Il D.Lgs 19/11/2004, n.297 non impone l’inserimento di indicazioni ulteriori o diverse nel confezionamento delle etichette ma sanziona la commercializzazione di prodotti nelle cui etichette siano inseriti, su iniziativa del produttore, indicazioni – non previste dalla direttiva – idonee a violare le esigenze di tutela poste dal regolamento 510/06.

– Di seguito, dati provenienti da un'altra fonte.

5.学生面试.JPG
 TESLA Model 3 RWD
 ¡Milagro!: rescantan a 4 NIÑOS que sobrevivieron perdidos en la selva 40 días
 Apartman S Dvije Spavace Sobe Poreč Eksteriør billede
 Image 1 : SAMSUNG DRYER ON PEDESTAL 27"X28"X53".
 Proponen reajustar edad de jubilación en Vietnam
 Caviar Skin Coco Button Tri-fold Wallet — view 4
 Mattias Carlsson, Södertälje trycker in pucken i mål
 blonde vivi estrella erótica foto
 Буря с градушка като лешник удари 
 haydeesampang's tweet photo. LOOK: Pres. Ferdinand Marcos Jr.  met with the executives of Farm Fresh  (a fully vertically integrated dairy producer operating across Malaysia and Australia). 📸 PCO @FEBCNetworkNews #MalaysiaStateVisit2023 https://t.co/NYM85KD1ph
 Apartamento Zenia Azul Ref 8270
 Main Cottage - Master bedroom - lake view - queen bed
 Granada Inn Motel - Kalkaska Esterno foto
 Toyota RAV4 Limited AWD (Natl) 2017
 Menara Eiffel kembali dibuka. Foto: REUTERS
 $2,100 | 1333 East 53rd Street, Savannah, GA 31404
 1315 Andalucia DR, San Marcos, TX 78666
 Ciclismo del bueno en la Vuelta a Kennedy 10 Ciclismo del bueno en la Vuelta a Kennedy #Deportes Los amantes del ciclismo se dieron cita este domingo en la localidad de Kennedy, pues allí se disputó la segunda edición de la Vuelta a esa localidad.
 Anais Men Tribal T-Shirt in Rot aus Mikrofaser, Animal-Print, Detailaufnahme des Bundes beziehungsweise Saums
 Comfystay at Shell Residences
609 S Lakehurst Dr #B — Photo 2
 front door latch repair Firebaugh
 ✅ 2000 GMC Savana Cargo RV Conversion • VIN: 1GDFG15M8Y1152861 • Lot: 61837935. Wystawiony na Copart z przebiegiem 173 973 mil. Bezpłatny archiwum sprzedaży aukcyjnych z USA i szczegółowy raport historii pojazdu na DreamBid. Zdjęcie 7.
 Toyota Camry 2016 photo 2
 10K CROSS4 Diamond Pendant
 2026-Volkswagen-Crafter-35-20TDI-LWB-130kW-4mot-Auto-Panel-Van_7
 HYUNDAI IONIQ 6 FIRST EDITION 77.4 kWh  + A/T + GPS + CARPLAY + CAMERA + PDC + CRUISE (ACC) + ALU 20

Il divieto, sanzionato dal Decreto legislativo, di fare riferimento, nell’etichettatura, nella presentazione o nella pubblicità, ad una o più denominazioni protette, è compatibile con la Dir. 200/13/CE, la quale prevede espressamente, all’art.18, la possibilità che gli stati membri vietino il commercio dei prodotti alimentari, pur conformi alle norme ivi previste, quando le disposizioni nazionali non armonizzate siano giustificate da motivi “di tutela della proprietà industriale e commerciale, di indicazioni di provenienza, di denominazioni d’origine e di repressione della concorrenza sleale”. Ne consegue altresì che anche l’autorizzazione consortile preventiva, la quale integra una mera possibilità di deroga al divieto di commercializzazione e quindi una sua limitazione, giustificata da una preventiva valutazione di legittimità del riferimento alla denominazione protetta, non contrasta né interferisce con la citata normativa comunitaria.